Washing Walmart


Last month I bought a $500 Walmart gift card on EBay.  When it arrived, I was afraid I had been scammed.  Read on to see why I bought the card, why I feared trouble, and how I protected my purchase…

To buy the $500 card, I spent $485 worth of EBay gift cards that I had purchased at Kmart using Sears gift cards.  The Sears gift cards had been purchased at Sears.com through the Ultimate Rewards mall for 10 points per dollar.  Are you with me so far?  When I purchased the $500 gift card on EBay for $485 I earned $9.70 in EBay bucks that can be used for future purchases.  My goal now is to turn the Walmart gift card into about $470 cash.  In the end, I will have spent $30 in exchange for $24.70 in EBay credit ($15 left over from the gift card and $9.70 in EBay bucks) and 5000 Ultimate Rewards points (worth $65.50 in Fair Trading Prices).  Since I’m sure I’ll use the EBay credit soon, my final tally will be to have spent $5.30 in exchange for 5000 Ultimate Rewards points.  That’s an excellent return, but arguably more trouble than it’s worth.  Anyway, you now know why I bought the Walmart card.

The card took almost a month to arrive.  I have no idea why the seller took so long, but be prepared if you make similar purchases!  Worse, when it arrived it looked weathered and used.  The rectangle on the back that hides the pin code had already been scratched off.  I was worried, of course, that I had been cheated.  Had the seller spent all the money on the card already?  I went to Walmart.com to check the gift card balance and was relieved to see that it had the full $500 amount on the card.  

I was still worried, though.  An unethical gift card seller could keep a copy of the card number and pin and, over time, drain the card of its value without the buyer knowing.  I was worried that if I sold the card to a gift card re-seller, as I had planned, they might receive the card with less value than when I shipped it.
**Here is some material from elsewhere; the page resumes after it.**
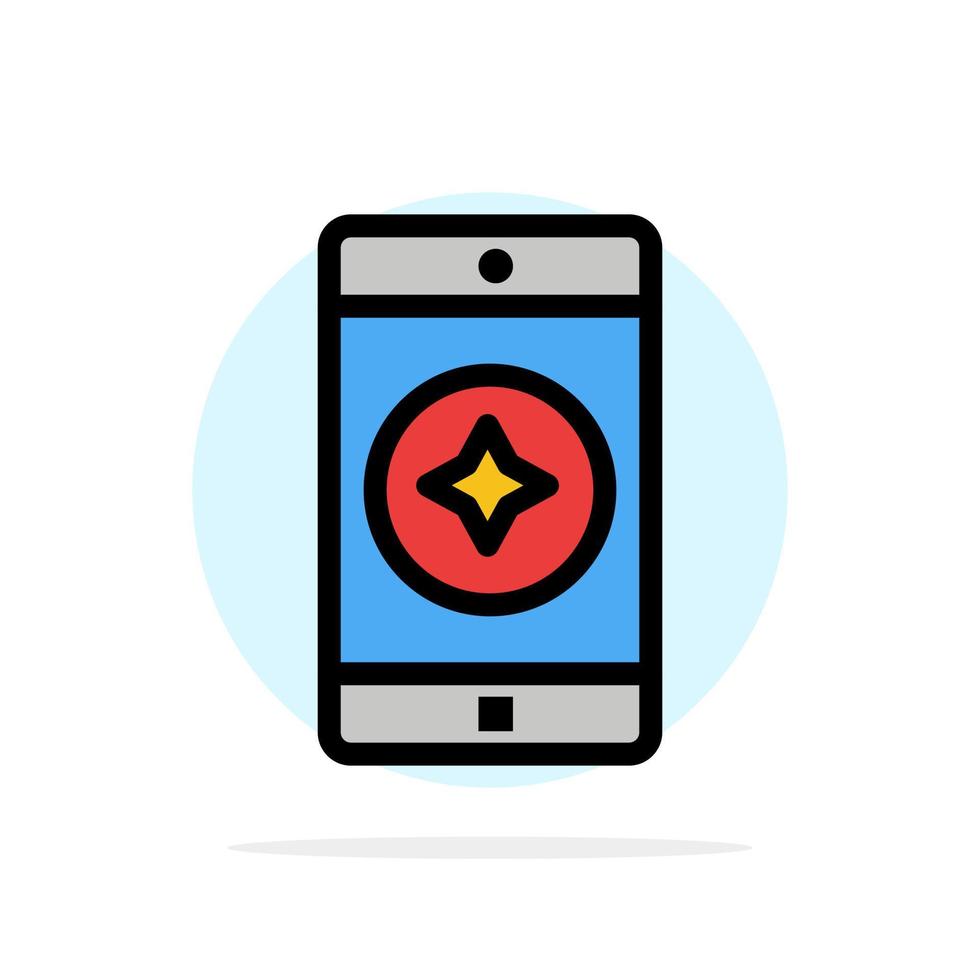 ícone de cor plana de fundo de círculo abstrato de aplicativo móvel móvel favorito vetor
Luckily, Walmart is one of the few online merchants that will let you buy gift cards using gift cards.  So, I used the questionable gift card to buy $500 worth of brand spanking new gift cards.  I picked out cute ones, just because I could:


I could have bought one $500 card, but I bought 5 $100 cards instead.  This way I can test out different card re-sellers to see who gives the best cash back and service when selling to them.  Also, some won’t buy cards with more than $300 value, so the smaller denominations are better in that way.  

The cards arrived promptly and in perfect condition.  I’ve sold two already and hope to report back the results soon.

So, there you have it: gift card laundering at its finest.